Jess handed him a towel and he took extra-long drying his face. He hung it on the rack and released a deep breath. “For a second there, I thought she was a young girl I’d…treated overseas.”

Jess nodded.

He followed her out into the bedroom and they sat on the edge of the bed. He’d replayed all of this over and over in his mind for weeks after it happened, his recurring nightmares never missed a detail, but vocalizing it wasn’t going to be easy. Telling Jessica might help relieve some of the heaviness from his chest, though.

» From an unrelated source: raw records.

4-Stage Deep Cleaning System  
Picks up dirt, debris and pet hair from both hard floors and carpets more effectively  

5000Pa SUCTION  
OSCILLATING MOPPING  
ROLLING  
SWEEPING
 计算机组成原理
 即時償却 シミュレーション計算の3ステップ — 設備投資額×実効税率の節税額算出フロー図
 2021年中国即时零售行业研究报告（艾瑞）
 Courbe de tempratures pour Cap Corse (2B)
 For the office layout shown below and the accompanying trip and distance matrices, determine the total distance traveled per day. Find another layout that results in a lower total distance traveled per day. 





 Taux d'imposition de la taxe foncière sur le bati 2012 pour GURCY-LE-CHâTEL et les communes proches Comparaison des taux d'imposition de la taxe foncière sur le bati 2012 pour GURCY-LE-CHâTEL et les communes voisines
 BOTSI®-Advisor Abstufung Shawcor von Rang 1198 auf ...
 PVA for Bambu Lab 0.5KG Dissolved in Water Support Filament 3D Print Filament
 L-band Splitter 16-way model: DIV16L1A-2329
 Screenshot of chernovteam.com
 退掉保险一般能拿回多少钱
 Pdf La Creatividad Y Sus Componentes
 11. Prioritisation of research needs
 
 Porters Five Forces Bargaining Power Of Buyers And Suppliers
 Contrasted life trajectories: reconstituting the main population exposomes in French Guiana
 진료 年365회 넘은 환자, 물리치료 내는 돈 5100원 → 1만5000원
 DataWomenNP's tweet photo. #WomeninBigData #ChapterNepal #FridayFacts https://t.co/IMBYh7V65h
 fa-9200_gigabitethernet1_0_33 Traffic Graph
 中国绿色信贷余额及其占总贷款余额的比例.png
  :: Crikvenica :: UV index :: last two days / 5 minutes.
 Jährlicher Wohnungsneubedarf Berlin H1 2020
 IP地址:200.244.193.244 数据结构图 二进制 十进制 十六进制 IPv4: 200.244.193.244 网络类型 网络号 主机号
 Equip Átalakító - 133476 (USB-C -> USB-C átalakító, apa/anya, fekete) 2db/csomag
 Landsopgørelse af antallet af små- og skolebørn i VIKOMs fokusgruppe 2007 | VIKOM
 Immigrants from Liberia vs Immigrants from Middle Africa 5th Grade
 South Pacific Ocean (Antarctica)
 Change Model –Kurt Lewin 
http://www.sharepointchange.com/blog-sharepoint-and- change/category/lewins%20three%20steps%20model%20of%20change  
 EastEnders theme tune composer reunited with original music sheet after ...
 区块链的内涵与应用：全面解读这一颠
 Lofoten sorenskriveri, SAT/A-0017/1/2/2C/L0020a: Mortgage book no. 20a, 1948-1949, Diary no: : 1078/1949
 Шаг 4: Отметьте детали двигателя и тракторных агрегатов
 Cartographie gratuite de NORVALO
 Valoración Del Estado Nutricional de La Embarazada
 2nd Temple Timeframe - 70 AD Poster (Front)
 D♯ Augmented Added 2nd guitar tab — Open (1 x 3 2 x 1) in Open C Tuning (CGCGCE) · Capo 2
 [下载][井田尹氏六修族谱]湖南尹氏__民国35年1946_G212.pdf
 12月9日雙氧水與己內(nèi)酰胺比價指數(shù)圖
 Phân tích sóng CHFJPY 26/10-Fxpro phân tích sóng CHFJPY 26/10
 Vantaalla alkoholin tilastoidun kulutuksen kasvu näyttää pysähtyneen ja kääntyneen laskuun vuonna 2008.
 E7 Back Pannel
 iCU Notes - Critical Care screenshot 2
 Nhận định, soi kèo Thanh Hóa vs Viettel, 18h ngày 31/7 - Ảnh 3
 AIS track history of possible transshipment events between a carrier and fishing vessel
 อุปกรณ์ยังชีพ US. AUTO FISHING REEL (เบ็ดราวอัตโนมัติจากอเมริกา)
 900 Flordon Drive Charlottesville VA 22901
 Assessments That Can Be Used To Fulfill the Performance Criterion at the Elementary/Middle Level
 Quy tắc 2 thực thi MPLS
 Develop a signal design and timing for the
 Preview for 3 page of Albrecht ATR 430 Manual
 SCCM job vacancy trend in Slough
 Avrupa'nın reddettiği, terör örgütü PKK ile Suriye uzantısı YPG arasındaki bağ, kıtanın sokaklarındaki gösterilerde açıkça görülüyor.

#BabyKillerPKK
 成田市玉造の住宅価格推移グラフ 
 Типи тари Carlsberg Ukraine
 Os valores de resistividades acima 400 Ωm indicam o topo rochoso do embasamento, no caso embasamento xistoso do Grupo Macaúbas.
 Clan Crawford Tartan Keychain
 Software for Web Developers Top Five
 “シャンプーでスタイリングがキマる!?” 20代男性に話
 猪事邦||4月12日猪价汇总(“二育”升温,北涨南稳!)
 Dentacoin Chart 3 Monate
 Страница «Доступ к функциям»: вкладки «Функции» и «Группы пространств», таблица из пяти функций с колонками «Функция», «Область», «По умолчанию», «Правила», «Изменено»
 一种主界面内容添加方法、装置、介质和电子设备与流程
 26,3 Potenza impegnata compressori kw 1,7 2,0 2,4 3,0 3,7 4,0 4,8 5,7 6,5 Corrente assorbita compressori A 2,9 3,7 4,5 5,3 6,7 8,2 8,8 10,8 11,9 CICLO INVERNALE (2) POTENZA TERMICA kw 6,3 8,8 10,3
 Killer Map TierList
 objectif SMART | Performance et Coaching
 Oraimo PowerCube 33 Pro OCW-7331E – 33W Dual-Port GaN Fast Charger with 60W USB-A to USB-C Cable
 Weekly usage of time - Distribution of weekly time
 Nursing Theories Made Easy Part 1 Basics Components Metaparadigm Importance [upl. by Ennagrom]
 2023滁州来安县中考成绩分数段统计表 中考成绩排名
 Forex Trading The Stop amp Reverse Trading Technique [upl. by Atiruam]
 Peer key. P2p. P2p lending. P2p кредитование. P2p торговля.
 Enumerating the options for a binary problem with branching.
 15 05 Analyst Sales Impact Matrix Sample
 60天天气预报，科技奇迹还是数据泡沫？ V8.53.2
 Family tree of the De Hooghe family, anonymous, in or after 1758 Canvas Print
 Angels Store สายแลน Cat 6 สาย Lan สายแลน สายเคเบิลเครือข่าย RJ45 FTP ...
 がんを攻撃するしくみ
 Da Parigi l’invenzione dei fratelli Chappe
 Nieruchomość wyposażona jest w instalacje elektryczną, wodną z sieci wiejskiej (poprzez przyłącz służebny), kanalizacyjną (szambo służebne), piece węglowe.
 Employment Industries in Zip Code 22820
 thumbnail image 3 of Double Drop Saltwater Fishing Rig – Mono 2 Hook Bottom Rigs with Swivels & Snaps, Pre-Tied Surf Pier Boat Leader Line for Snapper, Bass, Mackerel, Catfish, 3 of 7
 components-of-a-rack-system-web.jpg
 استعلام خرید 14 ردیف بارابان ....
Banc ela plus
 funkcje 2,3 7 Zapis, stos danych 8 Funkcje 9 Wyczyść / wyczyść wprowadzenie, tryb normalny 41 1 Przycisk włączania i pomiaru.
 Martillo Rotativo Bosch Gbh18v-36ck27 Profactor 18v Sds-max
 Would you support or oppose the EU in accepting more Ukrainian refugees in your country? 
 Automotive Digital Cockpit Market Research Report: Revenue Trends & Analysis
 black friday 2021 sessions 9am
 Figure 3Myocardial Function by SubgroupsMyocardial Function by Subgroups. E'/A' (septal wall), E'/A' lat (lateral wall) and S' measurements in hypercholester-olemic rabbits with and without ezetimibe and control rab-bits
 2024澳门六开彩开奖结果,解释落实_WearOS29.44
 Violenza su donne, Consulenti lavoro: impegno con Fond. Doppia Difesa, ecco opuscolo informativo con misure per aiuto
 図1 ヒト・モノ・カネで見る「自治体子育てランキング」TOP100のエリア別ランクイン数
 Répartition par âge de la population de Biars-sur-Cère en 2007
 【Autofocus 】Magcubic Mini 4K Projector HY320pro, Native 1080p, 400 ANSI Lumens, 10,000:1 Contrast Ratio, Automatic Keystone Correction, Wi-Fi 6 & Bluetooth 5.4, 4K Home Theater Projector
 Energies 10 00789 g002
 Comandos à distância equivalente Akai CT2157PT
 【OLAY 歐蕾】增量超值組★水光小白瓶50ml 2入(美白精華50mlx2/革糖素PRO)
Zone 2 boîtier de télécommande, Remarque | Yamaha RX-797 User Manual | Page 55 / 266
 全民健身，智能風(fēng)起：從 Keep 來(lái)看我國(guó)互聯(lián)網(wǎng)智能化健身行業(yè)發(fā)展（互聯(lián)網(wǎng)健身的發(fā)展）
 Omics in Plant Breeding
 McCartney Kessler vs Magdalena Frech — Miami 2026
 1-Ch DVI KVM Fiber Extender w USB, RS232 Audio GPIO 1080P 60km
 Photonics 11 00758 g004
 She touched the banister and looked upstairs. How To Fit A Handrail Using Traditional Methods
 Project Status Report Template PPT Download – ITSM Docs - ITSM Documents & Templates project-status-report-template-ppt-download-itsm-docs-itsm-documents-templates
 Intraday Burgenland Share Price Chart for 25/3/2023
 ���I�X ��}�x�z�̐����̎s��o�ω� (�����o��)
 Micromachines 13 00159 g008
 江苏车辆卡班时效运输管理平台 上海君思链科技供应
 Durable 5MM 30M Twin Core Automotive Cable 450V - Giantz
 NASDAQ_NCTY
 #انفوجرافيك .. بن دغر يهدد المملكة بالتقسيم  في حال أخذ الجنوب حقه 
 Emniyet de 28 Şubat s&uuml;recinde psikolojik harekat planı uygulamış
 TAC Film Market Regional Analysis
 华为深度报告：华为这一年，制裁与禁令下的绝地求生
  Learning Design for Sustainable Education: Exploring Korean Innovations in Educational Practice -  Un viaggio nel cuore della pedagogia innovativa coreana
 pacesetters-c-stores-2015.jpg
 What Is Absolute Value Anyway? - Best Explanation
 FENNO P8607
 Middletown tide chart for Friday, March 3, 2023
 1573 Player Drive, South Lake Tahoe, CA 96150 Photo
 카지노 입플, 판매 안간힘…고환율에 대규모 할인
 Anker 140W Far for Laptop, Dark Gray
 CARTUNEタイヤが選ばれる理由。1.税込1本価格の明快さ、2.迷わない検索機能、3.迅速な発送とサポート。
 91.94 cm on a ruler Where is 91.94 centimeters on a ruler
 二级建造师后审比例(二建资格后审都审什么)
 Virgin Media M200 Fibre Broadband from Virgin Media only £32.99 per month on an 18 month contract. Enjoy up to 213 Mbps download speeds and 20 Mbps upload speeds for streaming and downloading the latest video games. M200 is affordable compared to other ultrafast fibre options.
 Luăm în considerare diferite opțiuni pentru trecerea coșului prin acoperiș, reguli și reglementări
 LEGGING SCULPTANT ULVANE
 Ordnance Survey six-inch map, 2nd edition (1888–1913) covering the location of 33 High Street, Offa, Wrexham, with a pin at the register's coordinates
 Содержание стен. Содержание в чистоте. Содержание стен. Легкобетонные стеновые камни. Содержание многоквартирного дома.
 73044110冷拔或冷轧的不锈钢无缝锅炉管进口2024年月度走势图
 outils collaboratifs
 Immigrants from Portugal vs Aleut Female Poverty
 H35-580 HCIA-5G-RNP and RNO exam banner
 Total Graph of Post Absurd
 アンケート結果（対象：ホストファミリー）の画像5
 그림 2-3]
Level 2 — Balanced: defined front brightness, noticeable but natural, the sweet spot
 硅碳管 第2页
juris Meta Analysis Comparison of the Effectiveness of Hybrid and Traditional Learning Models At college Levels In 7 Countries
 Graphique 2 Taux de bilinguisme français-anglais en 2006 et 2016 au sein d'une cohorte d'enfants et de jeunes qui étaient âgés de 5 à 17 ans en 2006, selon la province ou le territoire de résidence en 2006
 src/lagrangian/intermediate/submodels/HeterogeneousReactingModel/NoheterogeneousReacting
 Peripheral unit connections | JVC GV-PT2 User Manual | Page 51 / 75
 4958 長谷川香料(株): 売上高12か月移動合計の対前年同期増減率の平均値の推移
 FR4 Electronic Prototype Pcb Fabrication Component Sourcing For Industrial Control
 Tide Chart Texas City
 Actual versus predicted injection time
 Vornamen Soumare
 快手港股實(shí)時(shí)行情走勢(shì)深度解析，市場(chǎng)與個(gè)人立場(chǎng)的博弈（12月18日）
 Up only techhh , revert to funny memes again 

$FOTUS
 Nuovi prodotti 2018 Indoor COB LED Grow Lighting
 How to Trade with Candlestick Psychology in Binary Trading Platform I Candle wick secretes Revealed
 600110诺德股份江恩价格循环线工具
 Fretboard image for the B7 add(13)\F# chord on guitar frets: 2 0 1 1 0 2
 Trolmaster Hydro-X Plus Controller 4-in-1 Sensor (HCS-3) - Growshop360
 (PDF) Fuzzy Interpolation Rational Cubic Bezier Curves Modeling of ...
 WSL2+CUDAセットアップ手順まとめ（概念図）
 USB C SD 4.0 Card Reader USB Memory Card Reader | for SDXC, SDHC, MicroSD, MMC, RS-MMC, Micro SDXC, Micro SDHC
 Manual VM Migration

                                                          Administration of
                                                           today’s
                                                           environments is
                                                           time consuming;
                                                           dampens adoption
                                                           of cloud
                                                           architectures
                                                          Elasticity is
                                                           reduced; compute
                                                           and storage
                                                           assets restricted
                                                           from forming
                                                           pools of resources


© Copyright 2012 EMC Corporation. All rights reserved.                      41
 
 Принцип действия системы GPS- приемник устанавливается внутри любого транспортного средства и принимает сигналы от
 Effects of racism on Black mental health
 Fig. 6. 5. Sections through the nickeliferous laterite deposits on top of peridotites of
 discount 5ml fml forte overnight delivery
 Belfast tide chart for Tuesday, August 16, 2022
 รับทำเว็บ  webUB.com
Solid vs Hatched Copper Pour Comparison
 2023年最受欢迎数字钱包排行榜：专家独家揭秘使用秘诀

“You don’t have to tell me if you don’t want to,” she said softly, touching his shoulder.

He took her hand in his. “I do.” He forced a deep breath. “We were treating children with malaria in a drug resistant area with a new combination therapy vaccine. The existing strains become resistant to the most effective drug, artemisinin, but societal constraints cause most people to buy their drugs from local dealers, pill by pill, and therefore they never truly get better. So we were combining it with chloroquine, a longer lasting but slower affecting drug. It was going well. Really well. The success rate for recovery was amazing.” He paused.

Jessica squeezed his hand, encouraging him to continue.